Refine parallel metadata refresh pipeline (#364)

Force each process to use its own database connection, add a migration creating relevant switches, and simplify the logic determining whether it's safe to use threads. ECOM-5871

Refine parallel metadata refresh pipeline (#364)
Force each process to use its own database connection, add a migration creating relevant switches, and simplify the logic determining whether it's safe to use threads. ECOM-5871
7f2fcb9d · Renzo Lucioni · GitHub · ba8a85ca · 7f2fcb9d · 7f2fcb9d
Commit 7f2fcb9d authored Oct 01, 2016 by Renzo Lucioni Committed by GitHub Oct 01, 2016
Showing with 51 additions and 2 deletions

.coveragerc
+1 -0

Makefile
+1 -0

course_discovery/apps/course_metadata/management/commands/refresh_course_metadata.py
+21 -2

course_discovery/apps/course_metadata/migrations/0030_create_refresh_command_switches.py
+28 -0

No files found.
--- a/.coveragerc
+++ b/.coveragerc
@@ -2,6 +2,7 @@
 branch = True
 data_file = .coverage
 source=course_discovery
+concurrency=multiprocessing
 omit =
    course_discovery/settings*
    course_discovery/conf*

--- a/Makefile
+++ b/Makefile
@@ -54,6 +54,7 @@ production-requirements:

 test: clean
 	coverage run ./manage.py test course_discovery --settings=course_discovery.settings.test
+	coverage combine
 	coverage report

 quality:

--- a/course_discovery/apps/course_metadata/management/commands/refresh_course_metadata.py
+++ b/course_discovery/apps/course_metadata/management/commands/refresh_course_metadata.py
@@ -3,6 +3,7 @@ import itertools
 import logging

 from django.core.management import BaseCommand, CommandError
+from django.db import connections
 from edx_rest_api_client.client import EdxRestApiClient
 import waffle

@@ -27,6 +28,24 @@ def execute_loader(loader_class, *loader_args):
        logger.exception('%s failed!', loader_class.__name__)

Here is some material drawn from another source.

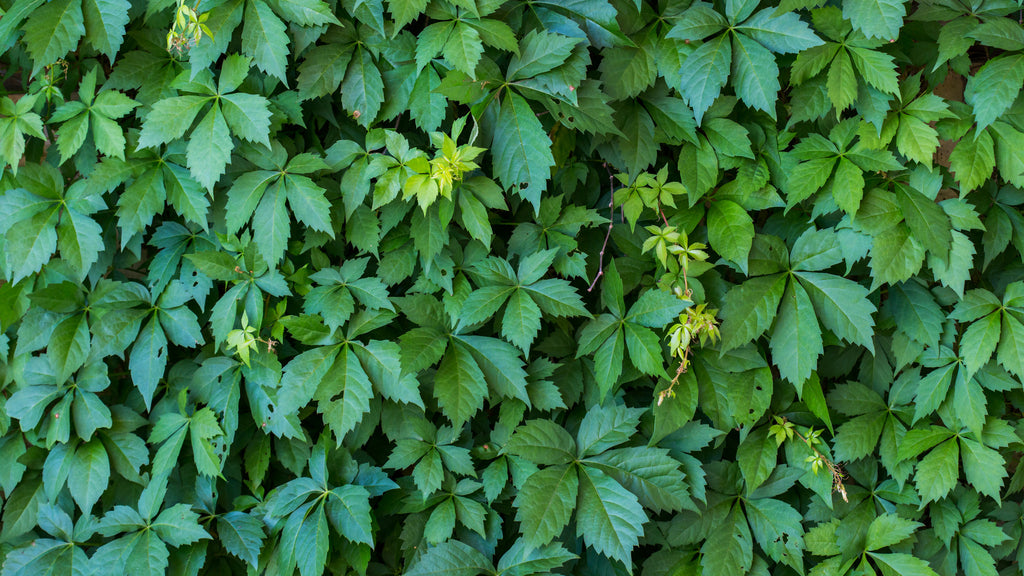 Virginia Creeper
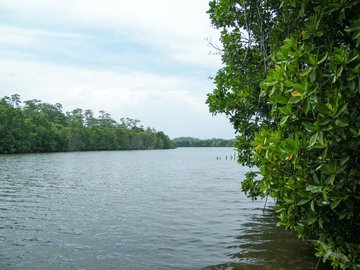 Der Koggala See umgeben von Mangrovenwald in Sri Lanka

+def execute_parallel_loader(loader_class, *loader_args):
+    """
+    ProcessPoolExecutor uses the multiprocessing module. Multiprocessing forks processes,
+    causing connection objects to be copied across processes. The key goal when running
+    multiple Python processes is to prevent any database connections from being shared
+    across processes. Depending on specifics of the driver and OS, the issues that arise
+    here range from non-working connections to socket connections that are used by multiple
+    processes concurrently, leading to broken messaging (e.g., 'MySQL server has gone away').
+
+    To get around this, we force each process to open its own connection to the database by
+    closing the existing, copied connection as soon as we're within the new process. This works
+    because Django is smart enough to initialize a new connection the next time one is necessary.
+    """
+    connections.close_all()
+
+    execute_loader(loader_class, *loader_args)
+
+
 class Command(BaseCommand):
    help = 'Refresh course metadata from external sources.'

@@ -105,7 +124,7 @@ class Command(BaseCommand):
            # to create courses. If courses do exist, this command is likely being run
            # as an update, significantly lowering the probability of race conditions.
            courses_exist = Course.objects.filter(partner=partner).exists()
-            is_threadsafe = True if courses_exist and waffle.switch_is_active('threaded_metadata_write') else False
+            is_threadsafe = courses_exist and waffle.switch_is_active('threaded_metadata_write')

            logger.info(
                'Command is{negation} using threads to write data.'.format(negation='' if is_threadsafe else ' not')
@@ -140,7 +159,7 @@ class Command(BaseCommand):
                        for loader_class, api_url, max_workers_override in stage:
                            if api_url:
                                executor.submit(
-                                    execute_loader,
+                                    execute_parallel_loader,
                                    loader_class,
                                    partner,
                                    api_url,

--- a/course_discovery/apps/course_metadata/migrations/0030_create_refresh_command_switches.py
+++ b/course_discovery/apps/course_metadata/migrations/0030_create_refresh_command_switches.py
+from django.db import migrations
+
+NAMES = ('threaded_metadata_write', 'parallel_refresh_pipeline')
+
+
+def create_switches(apps, schema_editor):
+    """Create the threaded_metadata_write and parallel_refresh_pipeline switches."""
+    Switch = apps.get_model('waffle', 'Switch')
+
+    for name in NAMES:
+        Switch.objects.get_or_create(name=name, defaults={'active': False})
+
+
+def delete_switches(apps, schema_editor):
+    """Delete the threaded_metadata_write and parallel_refresh_pipeline switches."""
+    Switch = apps.get_model('waffle', 'Switch')
+    Switch.objects.filter(name__in=NAMES).delete()
+
+
+class Migration(migrations.Migration):
+    dependencies = [
+        ('course_metadata', '0029_auto_20160923_1306'),
+        ('waffle', '0001_initial'),
+    ]
+
+    operations = [
+        migrations.RunPython(create_switches, reverse_code=delete_switches),
+    ]